El mismo llevó nuestros pecados en su cuerpo sobre la cruz, a fin de que muramos al pecado y vivamos a la justicia, porque por sus heridas fuisteis sanados. (1 Pedro 2:24)
Un gran precio el que debió pagar por sus hijos, pero totalmente gratis para los que se acerquen con fe a Él. Leemos otra vez en Romanos:
Porque la paga del pecado es muerte, mas la dádiva de Dios es vida eterna en Cristo Jesús Señor nuestro (Romanos 6:23)
Llegamos a una increíble conclusión: La vida eterna es gratis. Dios no te pide nada a cambio, sino que aceptes y creas que Jesús lo hizo todo por ti. En ese precioso versículo que condensa el Evangelio se ve claramente:
Porque de tal manera amó Dios al mundo, que ha dado a su Hijo unigénito, para que todo aquel que en él cree, no se pierda, mas tenga vida eterna. (Juan 3:16)
Resulta extraño este Evangelio bíblico de salvación porque no requiere de tu esfuerzo sino únicamente de tu confianza en Cristo. Es simple y sencillo y a la vez gloriosamente maravilloso. Casi no entra dentro de la cabeza, no resulta natural y sin embargo está claramente expuesto en la Palabra de Dios. Te humilla a ti, porque te hace inútil e incapaz, pero exalta a Dios que es el único digno de alabanza. Y es que por mucho que lo intente ni mi esfuerzo, ni tampoco el tuyo, es suficiente.

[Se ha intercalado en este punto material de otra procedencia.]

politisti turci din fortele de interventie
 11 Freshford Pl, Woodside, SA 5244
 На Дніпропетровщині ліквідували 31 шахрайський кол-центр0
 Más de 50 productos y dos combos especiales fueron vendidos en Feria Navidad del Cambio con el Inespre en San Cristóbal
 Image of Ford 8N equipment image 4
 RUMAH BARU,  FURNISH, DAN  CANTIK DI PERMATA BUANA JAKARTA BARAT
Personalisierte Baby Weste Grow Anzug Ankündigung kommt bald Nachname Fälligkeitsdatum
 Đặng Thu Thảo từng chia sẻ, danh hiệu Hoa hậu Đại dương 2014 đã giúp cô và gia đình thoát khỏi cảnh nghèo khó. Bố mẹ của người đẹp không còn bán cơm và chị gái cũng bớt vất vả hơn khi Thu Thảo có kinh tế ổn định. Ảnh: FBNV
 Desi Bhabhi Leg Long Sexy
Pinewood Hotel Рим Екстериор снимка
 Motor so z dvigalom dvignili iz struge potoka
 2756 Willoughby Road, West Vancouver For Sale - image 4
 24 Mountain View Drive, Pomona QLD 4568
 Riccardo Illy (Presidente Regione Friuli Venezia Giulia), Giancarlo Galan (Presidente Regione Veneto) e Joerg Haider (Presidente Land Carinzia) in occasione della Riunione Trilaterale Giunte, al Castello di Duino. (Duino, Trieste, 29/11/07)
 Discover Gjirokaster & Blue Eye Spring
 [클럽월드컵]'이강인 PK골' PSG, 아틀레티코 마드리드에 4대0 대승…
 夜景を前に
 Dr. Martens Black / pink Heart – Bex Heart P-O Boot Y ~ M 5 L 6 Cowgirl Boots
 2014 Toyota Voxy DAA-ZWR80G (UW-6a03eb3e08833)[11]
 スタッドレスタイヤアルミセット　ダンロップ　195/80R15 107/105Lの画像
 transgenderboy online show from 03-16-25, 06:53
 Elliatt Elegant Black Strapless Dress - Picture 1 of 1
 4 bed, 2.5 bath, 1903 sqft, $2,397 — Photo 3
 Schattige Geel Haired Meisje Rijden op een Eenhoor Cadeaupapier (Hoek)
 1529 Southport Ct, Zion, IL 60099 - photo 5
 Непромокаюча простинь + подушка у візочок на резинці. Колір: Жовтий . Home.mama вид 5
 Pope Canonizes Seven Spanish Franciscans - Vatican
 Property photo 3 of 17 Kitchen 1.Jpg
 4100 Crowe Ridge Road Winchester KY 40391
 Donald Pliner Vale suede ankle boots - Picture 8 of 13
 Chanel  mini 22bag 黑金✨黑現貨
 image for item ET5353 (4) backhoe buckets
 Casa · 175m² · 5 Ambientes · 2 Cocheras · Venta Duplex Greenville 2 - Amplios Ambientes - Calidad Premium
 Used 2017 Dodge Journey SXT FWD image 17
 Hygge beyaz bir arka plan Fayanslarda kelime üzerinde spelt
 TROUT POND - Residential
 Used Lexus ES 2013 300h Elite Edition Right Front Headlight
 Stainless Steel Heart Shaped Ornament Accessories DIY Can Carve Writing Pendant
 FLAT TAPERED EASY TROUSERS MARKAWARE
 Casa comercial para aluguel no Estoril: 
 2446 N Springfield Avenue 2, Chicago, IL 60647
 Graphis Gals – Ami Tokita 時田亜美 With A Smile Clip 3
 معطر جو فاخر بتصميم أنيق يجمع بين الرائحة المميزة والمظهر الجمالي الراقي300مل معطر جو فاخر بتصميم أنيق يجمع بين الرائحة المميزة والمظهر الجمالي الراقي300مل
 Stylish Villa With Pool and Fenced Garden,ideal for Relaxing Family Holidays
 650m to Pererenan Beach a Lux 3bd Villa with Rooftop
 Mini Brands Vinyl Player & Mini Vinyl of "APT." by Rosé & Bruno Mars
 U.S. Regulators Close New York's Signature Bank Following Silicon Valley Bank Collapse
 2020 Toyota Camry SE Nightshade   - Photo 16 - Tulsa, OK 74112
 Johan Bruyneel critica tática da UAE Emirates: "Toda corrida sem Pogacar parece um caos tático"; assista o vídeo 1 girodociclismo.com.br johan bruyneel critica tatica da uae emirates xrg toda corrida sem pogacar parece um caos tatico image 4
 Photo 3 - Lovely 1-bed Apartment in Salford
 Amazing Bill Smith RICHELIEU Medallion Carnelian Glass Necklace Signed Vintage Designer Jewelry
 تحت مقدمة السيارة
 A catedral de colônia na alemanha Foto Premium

Dios que estaba fuera de nuestro alcance, sin embargo, por la fe en el perfecto sacrificio de Cristo que me sustituyó ante las demandas de Dios Padre, puedo decir junto al apóstol Pablo con total certeza y seguridad que algún día estaré cara a cara frente al Dios de amor:
¿Quién nos separará del amor de Cristo? […] Por lo cual estoy seguro de que ni la muerte, ni la vida, ni ángeles, ni principados, ni potestades, ni lo presente, ni lo por venir, ni lo alto, ni lo profundo, ni ninguna otra cosa creada nos podrá separar del amor de Dios, que es en Cristo Jesús Señor nuestro. (Romanos 8:35-39)
La medalla
Fue Cristo quien lo dejó todo para buscarme. Fue Cristo quien hizo todo lo que yo no podía hacer. Fue Cristo quien corrió la carrera. Fue Él quien ganó la medalla con su sufrimiento. Fue mi Señor quien cogió su perfecta victoria y, mientras yo luchaba y pataleaba contra él en mis delitos y pecados, la puso alrededor de mi cuello, indigno de ella, haciéndome digno delante de Dios para toda la eternidad por medio de la fe en Él.
Antes, en todas estas cosas somos más que vencedores por medio de aquel que nos amó. (Romanos 8:37)
Es precioso poder correr la olimpiada de la vida con la seguridad de que cuando cruce la meta, el día de mi muerte, podré tener acceso a la presencia de Dios y de Cristo que me salvó. Así sí. Cristo me hizo el mayor regalo que puede haber.
Ahora conoces cómo indica la Biblia que podemos acercarnos a Dios. No luches, no sufras, no hagas. Acércate a Cristo con la confianza de que Él lo hizo todo por ti. Haz tuya esta salvación tan grande hoy mismo que todavía hay tiempo. No dejes pasar ni un minuto más porque no sabes cuándo morirás. No te presentes delante de Dios con tus justicias (trapos de inmundicia) sino con la perfecta justicia de Cristo pura y cristalina que te hará digno ante la santa presencia de Dios.